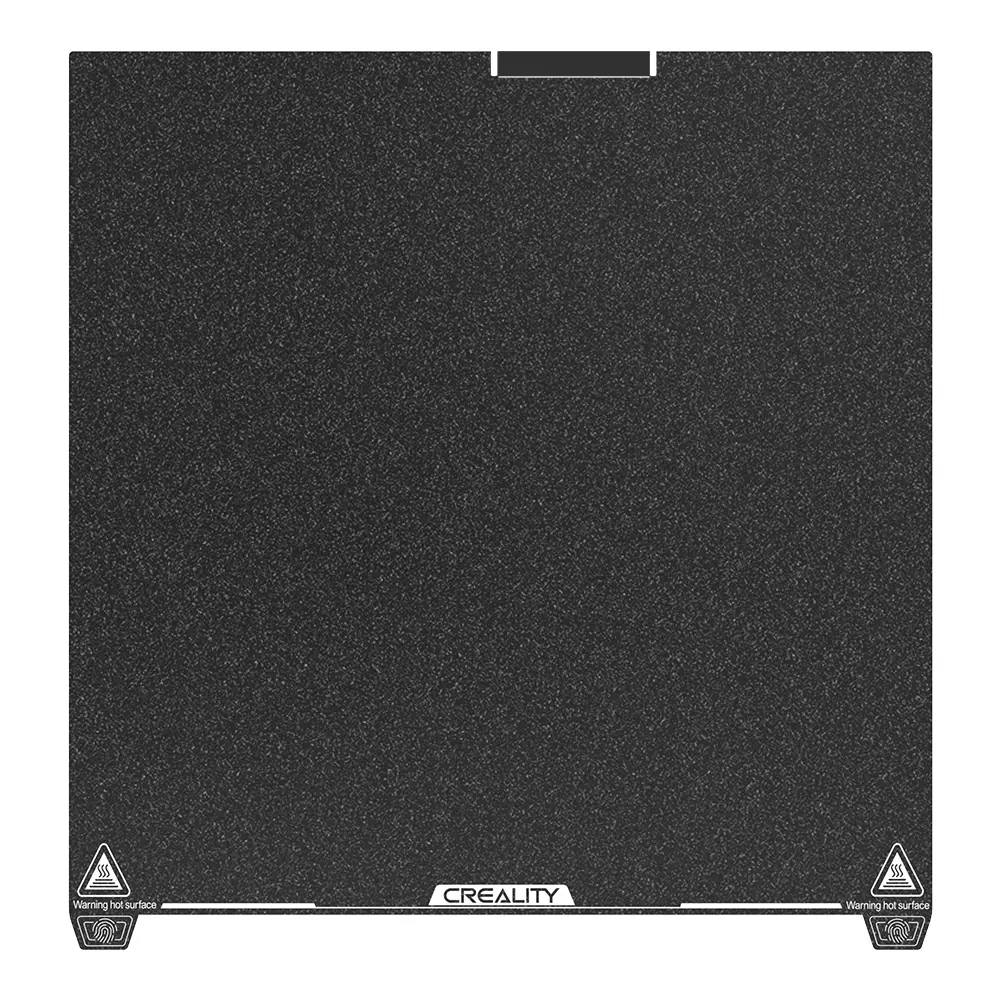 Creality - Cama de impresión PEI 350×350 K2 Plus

_ _ _ _ _

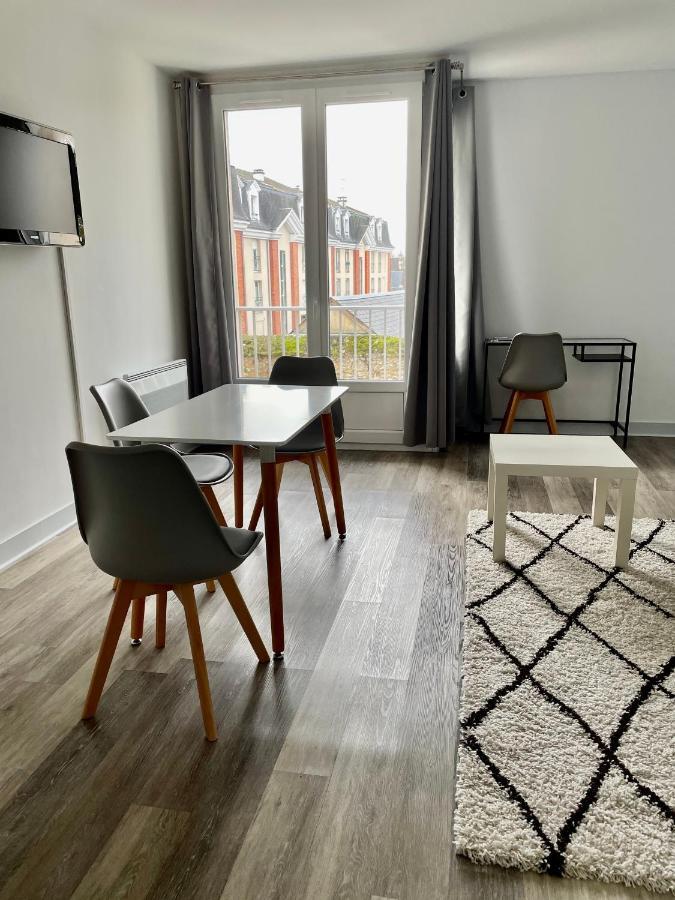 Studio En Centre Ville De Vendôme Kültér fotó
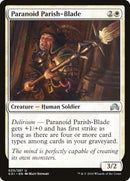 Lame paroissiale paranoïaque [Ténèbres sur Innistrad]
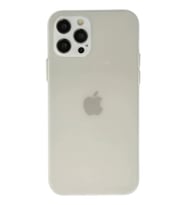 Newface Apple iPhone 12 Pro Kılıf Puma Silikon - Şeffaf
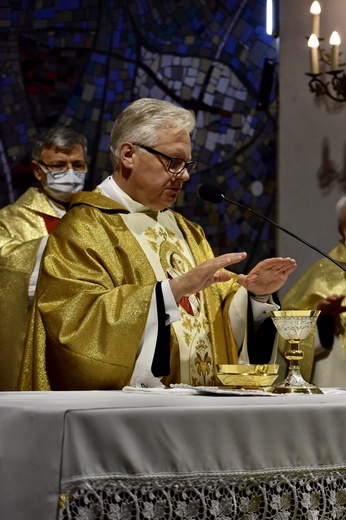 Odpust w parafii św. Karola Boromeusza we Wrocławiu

_ _ _ _ _

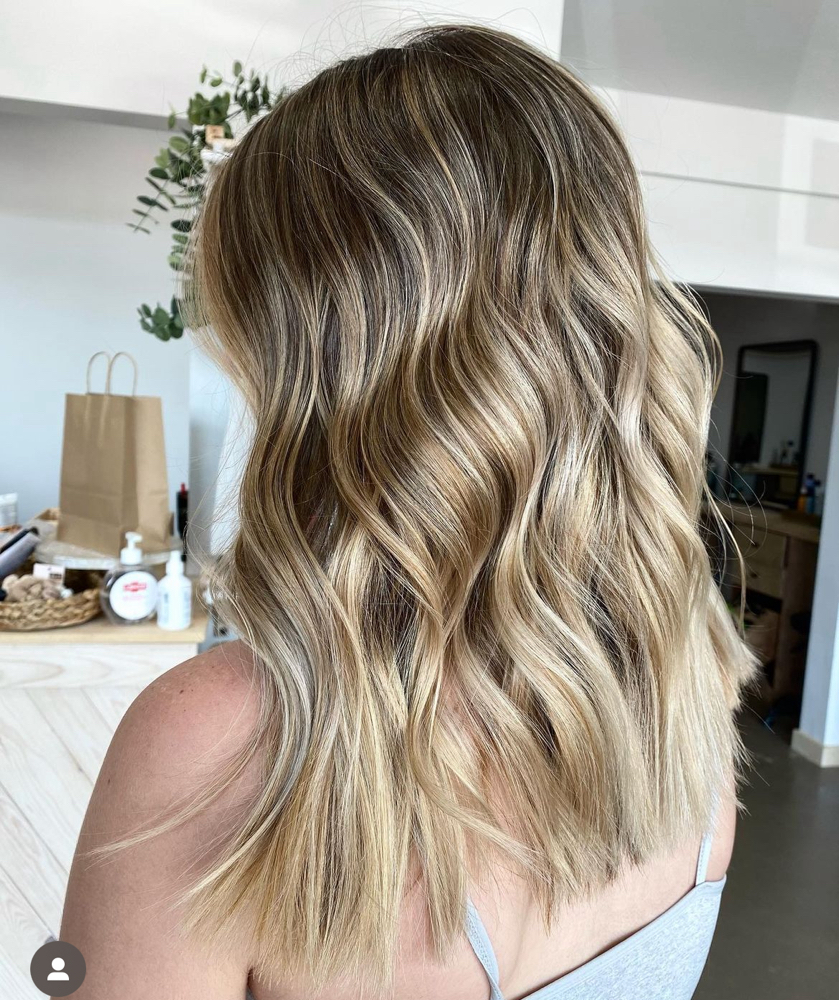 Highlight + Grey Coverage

_ _ _ _ _

_TASK REQUIREMENTS:_
Set the pictures aside and reproduce exactly the lines above, from the line holding "Newface Apple iPhone" through the line holding "Odpust w parafii", both included, with nothing else.

_EXERCISE OUTPUT:_
 Newface Apple iPhone 12 Pro Kılıf Puma Silikon - Şeffaf
 Odpust w parafii św. Karola Boromeusza we Wrocławiu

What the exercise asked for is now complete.